▶ **EXTRACTED INFORMATION**:
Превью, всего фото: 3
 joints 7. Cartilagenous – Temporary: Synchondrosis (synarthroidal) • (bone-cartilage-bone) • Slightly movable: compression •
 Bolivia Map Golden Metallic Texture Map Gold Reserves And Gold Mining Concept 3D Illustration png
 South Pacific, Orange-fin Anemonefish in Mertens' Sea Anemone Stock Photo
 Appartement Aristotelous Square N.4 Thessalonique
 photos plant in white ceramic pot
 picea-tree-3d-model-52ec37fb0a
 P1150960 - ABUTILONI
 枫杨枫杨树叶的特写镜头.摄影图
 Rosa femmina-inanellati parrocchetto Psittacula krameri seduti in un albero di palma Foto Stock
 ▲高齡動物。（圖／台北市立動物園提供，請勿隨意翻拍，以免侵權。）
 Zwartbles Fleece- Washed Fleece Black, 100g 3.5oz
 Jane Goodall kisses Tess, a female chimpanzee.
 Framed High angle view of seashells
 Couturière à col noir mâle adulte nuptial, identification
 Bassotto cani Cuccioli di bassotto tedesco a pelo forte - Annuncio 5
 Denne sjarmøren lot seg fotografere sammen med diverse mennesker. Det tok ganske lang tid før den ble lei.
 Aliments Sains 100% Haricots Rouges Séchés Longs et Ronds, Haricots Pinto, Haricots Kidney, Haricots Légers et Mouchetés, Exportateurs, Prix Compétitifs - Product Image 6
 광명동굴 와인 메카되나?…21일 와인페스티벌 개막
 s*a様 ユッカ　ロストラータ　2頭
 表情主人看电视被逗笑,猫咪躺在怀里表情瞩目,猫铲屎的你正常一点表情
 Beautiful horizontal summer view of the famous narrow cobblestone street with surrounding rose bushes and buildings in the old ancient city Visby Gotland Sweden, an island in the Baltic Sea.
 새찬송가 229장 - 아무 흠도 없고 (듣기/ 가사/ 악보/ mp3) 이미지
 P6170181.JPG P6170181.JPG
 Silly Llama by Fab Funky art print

▶ **PROBLEM**: A word-for-word copy of the lines from the one with "Bassotto cani Cuccioli" through the end of the listing is what should be returned.

▶ **SOLVED PROBLEM**:
 Bassotto cani Cuccioli di bassotto tedesco a pelo forte - Annuncio 5
 Denne sjarmøren lot seg fotografere sammen med diverse mennesker. Det tok ganske lang tid før den ble lei.
 Aliments Sains 100% Haricots Rouges Séchés Longs et Ronds, Haricots Pinto, Haricots Kidney, Haricots Légers et Mouchetés, Exportateurs, Prix Compétitifs - Product Image 6
 광명동굴 와인 메카되나?…21일 와인페스티벌 개막
 s*a様 ユッカ　ロストラータ　2頭
 表情主人看电视被逗笑,猫咪躺在怀里表情瞩目,猫铲屎的你正常一点表情
 Beautiful horizontal summer view of the famous narrow cobblestone street with surrounding rose bushes and buildings in the old ancient city Visby Gotland Sweden, an island in the Baltic Sea.
 새찬송가 229장 - 아무 흠도 없고 (듣기/ 가사/ 악보/ mp3) 이미지
 P6170181.JPG P6170181.JPG
 Silly Llama by Fab Funky art print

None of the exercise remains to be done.